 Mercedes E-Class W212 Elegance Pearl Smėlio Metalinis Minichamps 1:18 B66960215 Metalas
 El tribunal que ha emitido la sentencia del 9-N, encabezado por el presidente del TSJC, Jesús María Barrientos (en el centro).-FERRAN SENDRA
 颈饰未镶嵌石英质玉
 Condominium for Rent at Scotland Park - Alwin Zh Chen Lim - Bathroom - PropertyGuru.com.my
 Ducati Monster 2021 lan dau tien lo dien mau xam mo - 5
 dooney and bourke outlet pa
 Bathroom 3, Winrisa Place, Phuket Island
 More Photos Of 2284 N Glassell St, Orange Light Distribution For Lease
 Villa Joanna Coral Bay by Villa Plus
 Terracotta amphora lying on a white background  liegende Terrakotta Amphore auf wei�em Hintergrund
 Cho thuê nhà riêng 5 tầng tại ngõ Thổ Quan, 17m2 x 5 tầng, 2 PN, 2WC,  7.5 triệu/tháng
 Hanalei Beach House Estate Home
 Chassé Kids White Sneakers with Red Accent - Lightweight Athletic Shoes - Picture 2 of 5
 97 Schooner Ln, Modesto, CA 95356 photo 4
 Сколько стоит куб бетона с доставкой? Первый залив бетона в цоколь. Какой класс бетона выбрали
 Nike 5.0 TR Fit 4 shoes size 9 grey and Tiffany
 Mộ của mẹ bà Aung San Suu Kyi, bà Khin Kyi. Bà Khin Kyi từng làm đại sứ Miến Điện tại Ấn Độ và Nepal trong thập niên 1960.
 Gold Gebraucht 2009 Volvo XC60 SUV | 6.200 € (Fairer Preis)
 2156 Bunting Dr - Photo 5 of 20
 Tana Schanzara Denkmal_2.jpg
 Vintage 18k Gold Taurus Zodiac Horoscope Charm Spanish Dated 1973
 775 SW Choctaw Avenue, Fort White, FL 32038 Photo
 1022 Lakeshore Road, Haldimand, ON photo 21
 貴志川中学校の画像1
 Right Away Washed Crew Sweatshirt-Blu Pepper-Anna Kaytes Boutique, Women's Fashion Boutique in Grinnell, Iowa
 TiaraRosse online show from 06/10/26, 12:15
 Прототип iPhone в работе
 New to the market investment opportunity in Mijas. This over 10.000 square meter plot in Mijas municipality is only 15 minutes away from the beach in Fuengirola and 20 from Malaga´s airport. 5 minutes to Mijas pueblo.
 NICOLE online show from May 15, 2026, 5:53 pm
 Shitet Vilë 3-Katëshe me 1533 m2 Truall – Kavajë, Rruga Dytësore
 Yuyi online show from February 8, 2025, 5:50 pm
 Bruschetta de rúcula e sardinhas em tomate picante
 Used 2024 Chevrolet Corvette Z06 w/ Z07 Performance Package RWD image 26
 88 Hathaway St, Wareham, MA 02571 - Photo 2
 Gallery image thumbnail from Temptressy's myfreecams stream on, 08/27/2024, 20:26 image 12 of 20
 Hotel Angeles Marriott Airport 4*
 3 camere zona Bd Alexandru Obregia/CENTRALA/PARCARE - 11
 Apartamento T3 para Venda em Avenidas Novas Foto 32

* * * * * * *

### WORK TO COMPLETE
Only the last part of the records is wanted. Repeat it exactly, beginning at the line containing "Hanalei Beach House Estate Home" and ending at the final line.

### TASK RESULT
 Hanalei Beach House Estate Home
 Chassé Kids White Sneakers with Red Accent - Lightweight Athletic Shoes - Picture 2 of 5
 97 Schooner Ln, Modesto, CA 95356 photo 4
 Сколько стоит куб бетона с доставкой? Первый залив бетона в цоколь. Какой класс бетона выбрали
 Nike 5.0 TR Fit 4 shoes size 9 grey and Tiffany
 Mộ của mẹ bà Aung San Suu Kyi, bà Khin Kyi. Bà Khin Kyi từng làm đại sứ Miến Điện tại Ấn Độ và Nepal trong thập niên 1960.
 Gold Gebraucht 2009 Volvo XC60 SUV | 6.200 € (Fairer Preis)
 2156 Bunting Dr - Photo 5 of 20
 Tana Schanzara Denkmal_2.jpg
 Vintage 18k Gold Taurus Zodiac Horoscope Charm Spanish Dated 1973
 775 SW Choctaw Avenue, Fort White, FL 32038 Photo
 1022 Lakeshore Road, Haldimand, ON photo 21
 貴志川中学校の画像1
 Right Away Washed Crew Sweatshirt-Blu Pepper-Anna Kaytes Boutique, Women's Fashion Boutique in Grinnell, Iowa
 TiaraRosse online show from 06/10/26, 12:15
 Прототип iPhone в работе
 New to the market investment opportunity in Mijas. This over 10.000 square meter plot in Mijas municipality is only 15 minutes away from the beach in Fuengirola and 20 from Malaga´s airport. 5 minutes to Mijas pueblo.
 NICOLE online show from May 15, 2026, 5:53 pm
 Shitet Vilë 3-Katëshe me 1533 m2 Truall – Kavajë, Rruga Dytësore
 Yuyi online show from February 8, 2025, 5:50 pm
 Bruschetta de rúcula e sardinhas em tomate picante
 Used 2024 Chevrolet Corvette Z06 w/ Z07 Performance Package RWD image 26
 88 Hathaway St, Wareham, MA 02571 - Photo 2
 Gallery image thumbnail from Temptressy's myfreecams stream on, 08/27/2024, 20:26 image 12 of 20
 Hotel Angeles Marriott Airport 4*
 3 camere zona Bd Alexandru Obregia/CENTRALA/PARCARE - 11
 Apartamento T3 para Venda em Avenidas Novas Foto 32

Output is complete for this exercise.